Dalam jumpa pers pada Desember 2019, edukator dan biksu Buddha Medagoda Abhayatiss Thera menuding buku pelajaran itu merupakan agenda pemerintah sebelumnya untuk “merusak otak anak-anak”. Dia mendesak presiden untuk menyelidiki penerbitan bukunya.

Komite parlemen akhirnya memerintahkan penarikan buku tersebut karena tidak pantas untuk anak-anak berusia 12. Biksu Akuretiye Nanda Thero yang menjabat sebagai rektor University of Ruhuna menyayangkan keputusan tersebut.
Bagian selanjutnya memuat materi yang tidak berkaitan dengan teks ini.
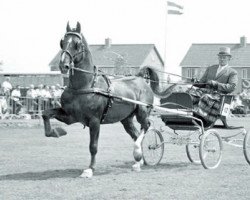 Deckhengst Ziezo (KWPN (Niederländisches Warmblut), 1958, von Uron 1148 Sgldt)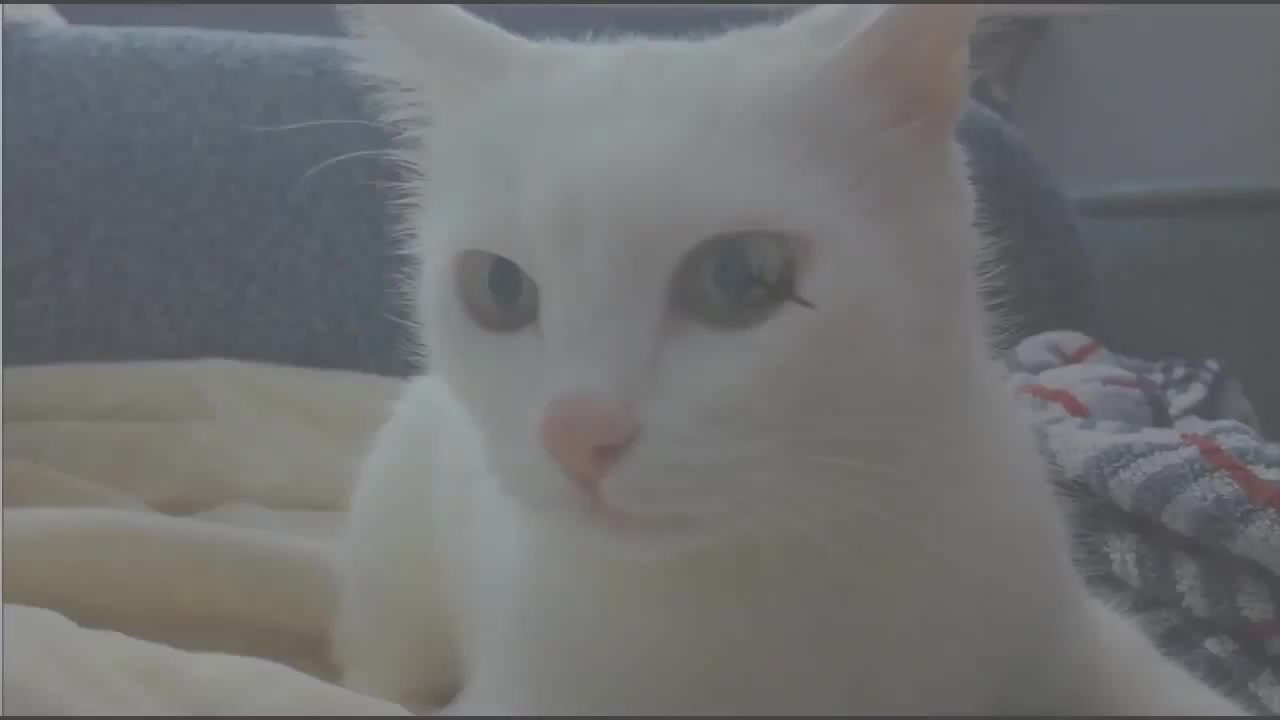 Кот вспомнил вьетнамCat Vietnam flashback - Coub - The Biggest Video Meme  Platform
“Menurut saya, buku pelajaran itu tidak mengandung materi yang kurang pantas untuk dibaca anak-anak,” Nanda Thero memberi tahu VICE World News. “Anak-anak perlu dididik soal ini. Materinya disusun para ahli di bidangnya. Jika melihat apa yang terjadi saat ini, pelajarannya penting bagi anak-anak,” lanjutnya, mengacu pada lonjakan kasus pemerkosaan dan pelecehan anak di negara itu.

“Tantangan yang muncul bersembunyi di balik kebohongan tentang menjaga budaya,” imbuhnya. Dia mengatakan selain biarawan, orang biasa tak diwajibkan untuk selibat atau menghindari aktivitas seksual. “Hukum yang mengatur biksu tidak berlaku untuk masyarakat awam, menurut ajaran Buddha.”

Sementara itu, di Myanmar, rencana pemerintah memasukkan pendidikan seks ke dalam kurikulum sekolah menengah terpaksa dibatalkan usai diprotes biksu.

Kelompok nasionalis Buddha menganggap seks sebagai hal yang “memalukan” dan “melanggar tradisi Myanmar”. Pada Mei 2020, dokter 31 tahun di Myanmar bahkan ditangkap karena mengkritik biksu yang mempermasalahkan pendidikan seks.